What You Need: Most any wheeled vehicle can play in the sand here. Paddle tires get you up bigger hills, but 4WDs can do well with standard tires by airing down to increase flotation. Any vehicle running in the dunes must run a safety flag for visibility.
Contact info: Fee permits required for entry, camping and off-highway vehicles. More info can be found at:
---Jay Kopycinski

Jarbidge, Nevada
Location: 105 miles north of Elko, Nevada
Time: At least two days to scratch the surface of the area.
Experience Level: Intermediate (due to remote location)
Points of Interest: The town of Jarbidge is located far off the radar in the northeast corner of Nevada, near the Idaho border.
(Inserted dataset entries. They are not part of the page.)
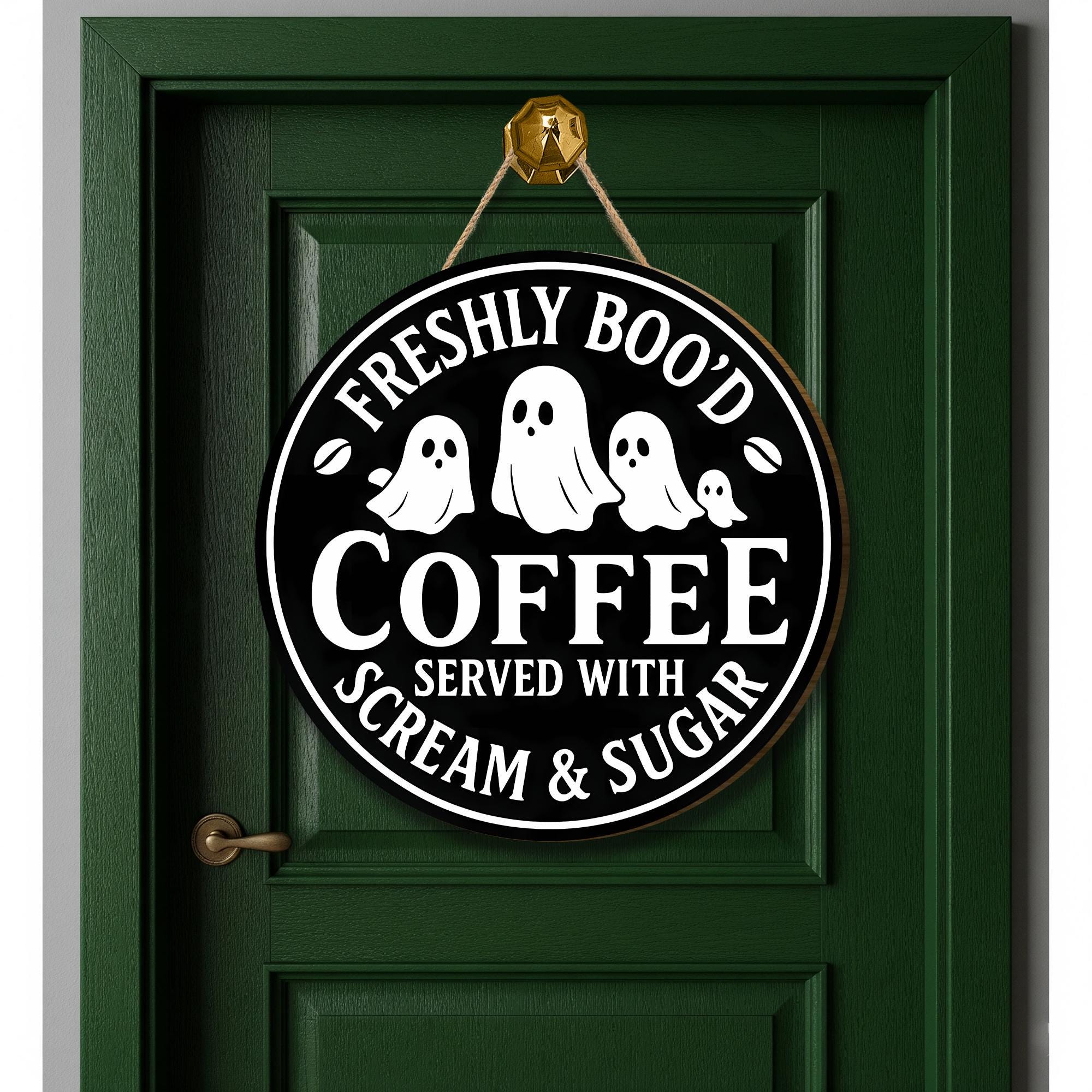 Freshly Boo’d Coffee Sign, Halloween Coffee Bar Decor, Ghost Kitchen Wall Art, Funny Wooden Scream & Sugar Sign, Spooky Café Gift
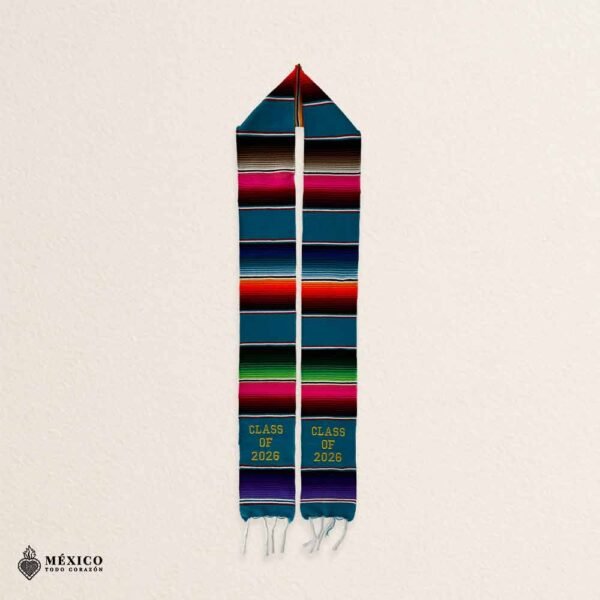 Light Blue Mexican Graduation Stole – Embroidered Class of 2026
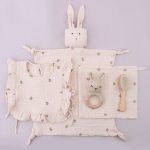 Newborn Mobile Gym Educational Ring Teething Toy Baby Cotton Bib Gauze Baby Wooden Ring Rattle Crochet Wool Toy Pacifier Chain 3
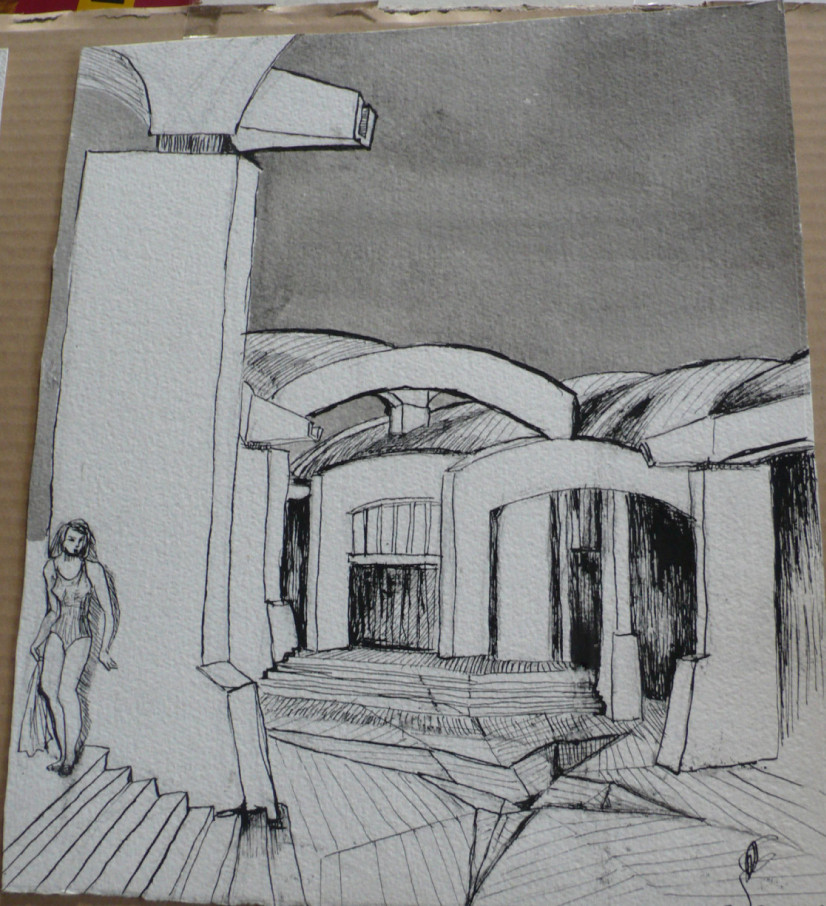 Ricardo Porro. Escuelas Nacionales de Arte de Habana-Cuba (Exterior perspective sketch). 1961–1965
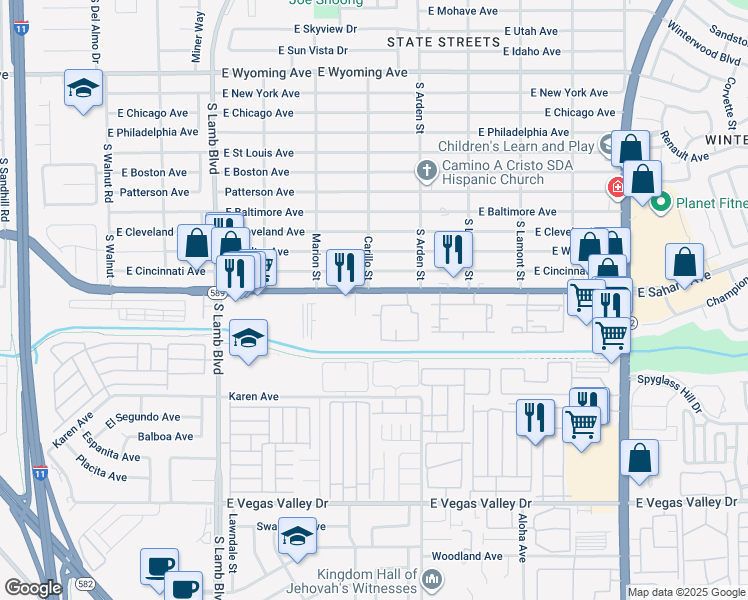 map of restaurants, bars, coffee shops, grocery stores, and more near 4555 East Sahara Avenue in Las Vegas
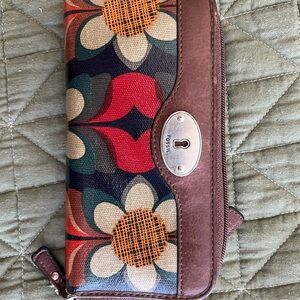 Fossil Floral Wallet with Brown Leather Trim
The quaint town is miles from pavement in any direction and home to some of the best stream fishing and backpacking in the country. Jarbidge Road is famous in the land use community as one of the only roads that was reopened after being closed by the Forest Service. It crossed Jarbidge Creek numerous times and terminates at the Jarbidge Wilderness boundary.
What You Need: High clearance 4WD vehicle with large capacity fuel tank or spare fuel, spare parts, spare tires, and a supple suspension in order to get to Jarbidge. If you plan on travelling to the end of Jarbidge Road make certain that your vehicle is properly prepared for deep water crossings.
Contact info:
---Harry Wagner

Jemez Mountains, New Mexico
Location: Miles of dirt roads located approximately 60 miles north of Albuquerque
Time: One day
Experience Level: Beginner
Points of Interest: Various roads lead to remote hot springs and fishing spots, as well as the Valle Caldera and Bandelier National Monument. Native American pottery shards and excellent rock climbing routes can also be found in the Jemez.
What You Need: High clearance 4WD vehicle and a sense of adventure
Contact info:
---Harry Wagner

Lippencott Mine Road, Death Valley National Park, California
Location: On the western side of Death Valley at the end of Racetrack Road. N36 38.36' W117 34.43'
Length: 8 miles
Time required: 2 hours
Experience level: Intermediate
Points of interest: Lippencott Mine Road is a loose jagged road that clings to a hillside, bridging Death Valley National Park with Saline Valley. Be sure to spend time at the Lippencott Mine Complex, for a lunchtime vista.
What you need: Capable high-clearance 4x4, 33-inch tires are recommended. Road conditions can change depending on the season and recovery gear and survival supplies should be carried.
Information: Death Valley National Park (760) 786-3200
---Sean P. Holman

Mana Road, near Hilo, Hawaii
Location: Waimea, from the intersection of Highway 19 and Mana Rd.
Length: 45 miles.
Time: 4 to 6 hours, depending on conditions.
Experience level: Intermediate to advanced.
Points of interest: Dude, the trail's in Hawaii---does it get any better than that? But this isn't a sand-and-surf run---it's a high-altitude mountain ride around the periphery of Mauna Kea, the Big Island's biggest volcano, at elevations ranging from 6,000 to 8,500 feet. Most of the trail is graded dirt and gravel, though there are some rutted sections, some streambeds to ford, and occasionally steep inclines that can be tricky, depending on the weather. For your efforts, if skies are clear, you'll be rewarded with spectacular vistas of the volcano itself, the island's north shore, and the island of Maui to the northwest.
What you need: In fair weather, a stock Jeep with an experienced driver and the requisite recovery gear should be able to handle it. But rains can be heavy at times---especially on the Waimea side--and the trail can transform into a series of slippery slopes and sticky mudholes, so a set of aggressive tires, a rear locker, and a winch should be considered the minimum for a safe outing. Rain gear, warm clothing, and even some Rossignols are good ideas too; Mauna Kea can see snowfall in the winter, and yes, there are skiers in Hawaii.